Experience has proven that the only way to know how much a patient is paying out of pocket is to ask. "And from an adherence perspective, if I don't know if a patient can afford the medication I'm prescribing, then I'm doing my patient a disservice," he said.
Researchers surveyed 700 patients before and after the intervention and also interviewed clinicians and nursing and reception staff members to assess the implementation process.
Family medicine, internal medicine and medicine-pediatrics specialties participated in the pilot, and each practice agreed to complete a training session that addressed the importance and impact of patient medication costs, as well as baseline survey findings for each clinic.
Trainers suggested that practices use a team-based approach to screening and management of patient medication costs and encouraged all team members to attend the training.
Authors reported that overall, 17% of patients reported having cost-of-medication discussions at baseline; that number improved to 32% after the intervention. Additionally, more patients reported receiving cost-reduction suggestions (15.5% before versus 25.1% after).
Researchers noted that across the seven practice sites, the percentage of visits that included cost-of-medication discussions ranged from 8% to 45% before the intervention and from 18% to 82% after.
"Practices adopted systematic screening during the medication reconciliation process through written questions posed during reception or as part of the nursing assessment in the exam room," said the authors.
Most practices simply asked patients whether any medication posed a financial burden. "Others phrased the question more broadly -- for example, whether patients had any barriers to obtaining their medication," wrote the authors.
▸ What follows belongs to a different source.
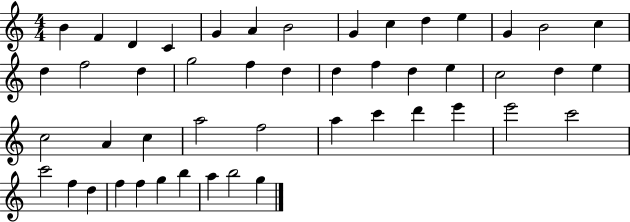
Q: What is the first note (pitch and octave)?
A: B4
When patients indicated they faced obstacles, practices offered various cost-reduction strategies, including use of discount coupons and $4-per-month prescription programs. "A few clinicians mentioned using a formulary app to determine medication copayment, as well as deprescribing," the researchers noted.
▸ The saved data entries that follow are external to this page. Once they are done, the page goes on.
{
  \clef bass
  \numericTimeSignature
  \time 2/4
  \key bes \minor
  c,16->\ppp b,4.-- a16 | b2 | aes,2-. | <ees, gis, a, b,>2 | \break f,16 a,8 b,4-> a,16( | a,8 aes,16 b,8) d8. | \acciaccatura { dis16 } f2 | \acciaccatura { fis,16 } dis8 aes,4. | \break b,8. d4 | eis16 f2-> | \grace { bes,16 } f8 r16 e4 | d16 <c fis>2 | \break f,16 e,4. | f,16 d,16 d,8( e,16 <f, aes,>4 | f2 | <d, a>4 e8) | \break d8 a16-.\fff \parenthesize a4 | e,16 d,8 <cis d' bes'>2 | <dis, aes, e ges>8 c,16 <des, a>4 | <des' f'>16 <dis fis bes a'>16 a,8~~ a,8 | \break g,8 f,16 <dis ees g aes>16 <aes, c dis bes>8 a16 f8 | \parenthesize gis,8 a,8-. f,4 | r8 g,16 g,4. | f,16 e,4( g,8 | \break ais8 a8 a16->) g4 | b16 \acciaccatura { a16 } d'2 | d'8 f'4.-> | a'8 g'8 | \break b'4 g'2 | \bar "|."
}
Practices also reported obstacles to implementing cost-of-medication conversations that included
According to Fiscella, family physicians are particularly adept at figuring out alternative strategies to help patients who struggle with prescription costs.
"The most obvious tactic is prescribing something different that may accomplish the same purpose. It could be a different medication or a medication in a different class that results in a lower copay," he said.
Fiscella noted the challenges of polypharmacy -- particularly in older patients with multiple chronic conditions. "So, when a patient asks if a medicine is really necessary, it's sometimes useful to step back and say, 'Let's talk about that -- maybe we could try a deprescribing trial and see how you feel when you're off the medication completely.'"
He's also a strong proponent of requesting outside assistance from social workers, care coordinators and others who are trained to help people enroll in Medicare Part D or switch to a different plan that would cover additional medications and services.
Fiscella also stressed the need to ask the all-important "cost" question in a nonjudgmental way so people feel comfortable answering. "I've found that most patients are really excited and quite anxious to talk about potential alternatives, and then they can make an informed decision about whether they want to try that out," he said.
As for key takeaways, Fiscella emphasized the benefits of implementing a team-based approach to cost-of-medication conversations. "If you can build it right into the workflow where you have other team members helping out, you're going to be able to reach most patients with minimal extra work," he said.
"And at the end of the day, family physicians should know that patients are going to be really grateful," he added.